▶ [WHAT IS BEING ASKED] Which lines run from the one containing "Dévoilement du buste de l’Amiral de Grasse" through the end of the data? Write them out exactly, with the pictures left out.

::::::::::

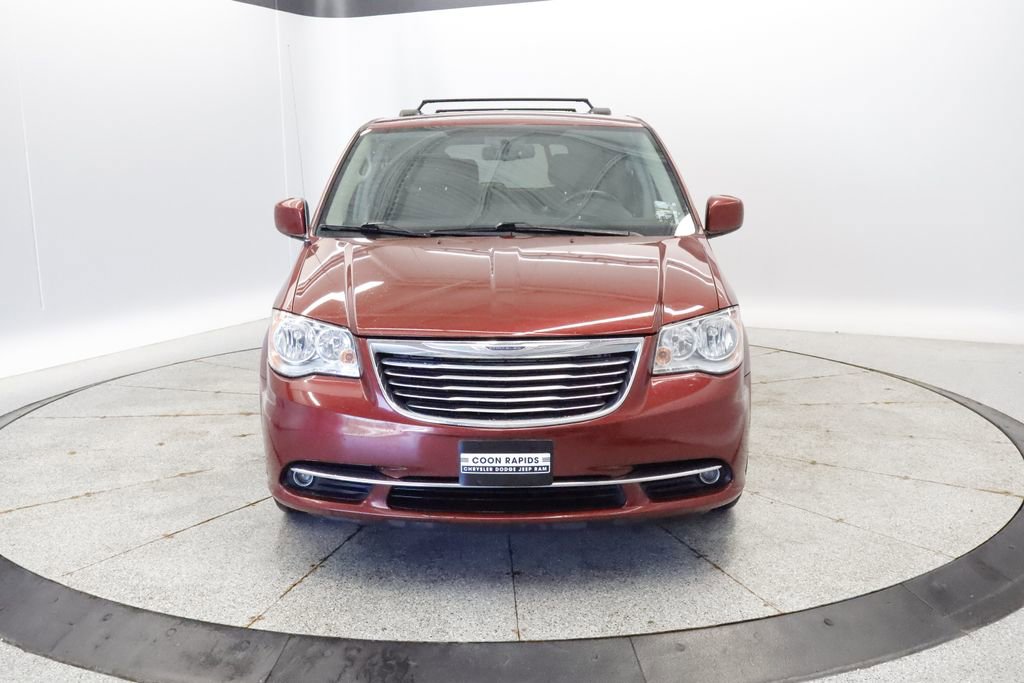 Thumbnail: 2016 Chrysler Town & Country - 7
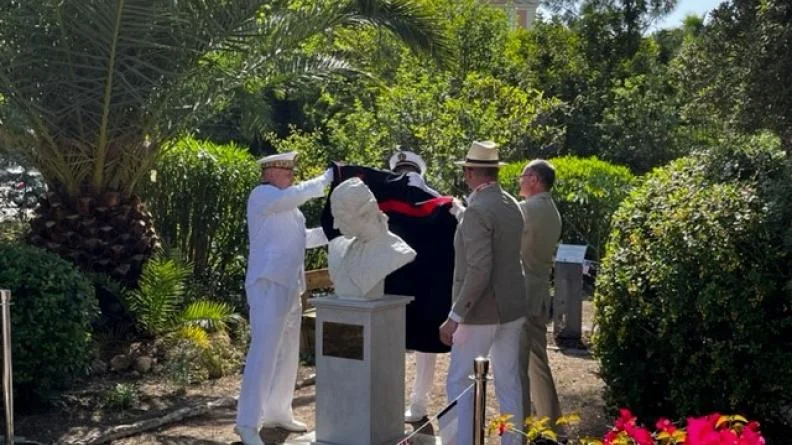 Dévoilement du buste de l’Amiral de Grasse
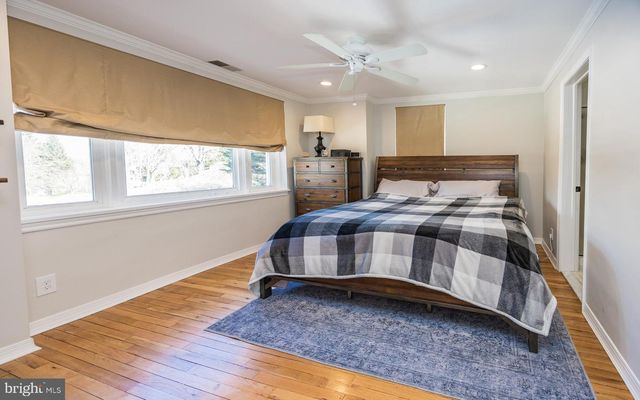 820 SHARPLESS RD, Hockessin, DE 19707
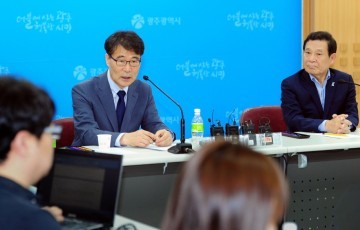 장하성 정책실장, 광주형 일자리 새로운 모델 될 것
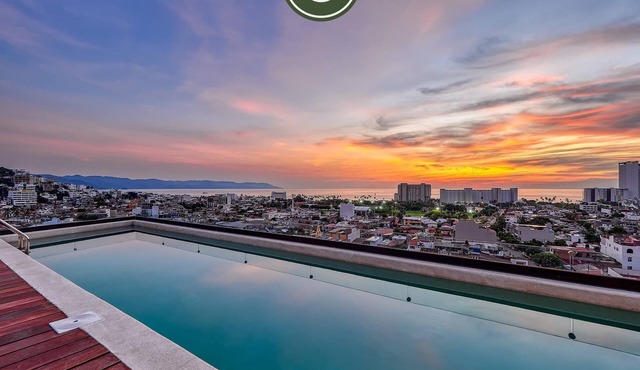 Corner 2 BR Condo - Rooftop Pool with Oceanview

::::::::::

▶ [OUTPUT FOR THIS TASK]
 Dévoilement du buste de l’Amiral de Grasse
 820 SHARPLESS RD, Hockessin, DE 19707
 장하성 정책실장, 광주형 일자리 새로운 모델 될 것
 Corner 2 BR Condo - Rooftop Pool with Oceanview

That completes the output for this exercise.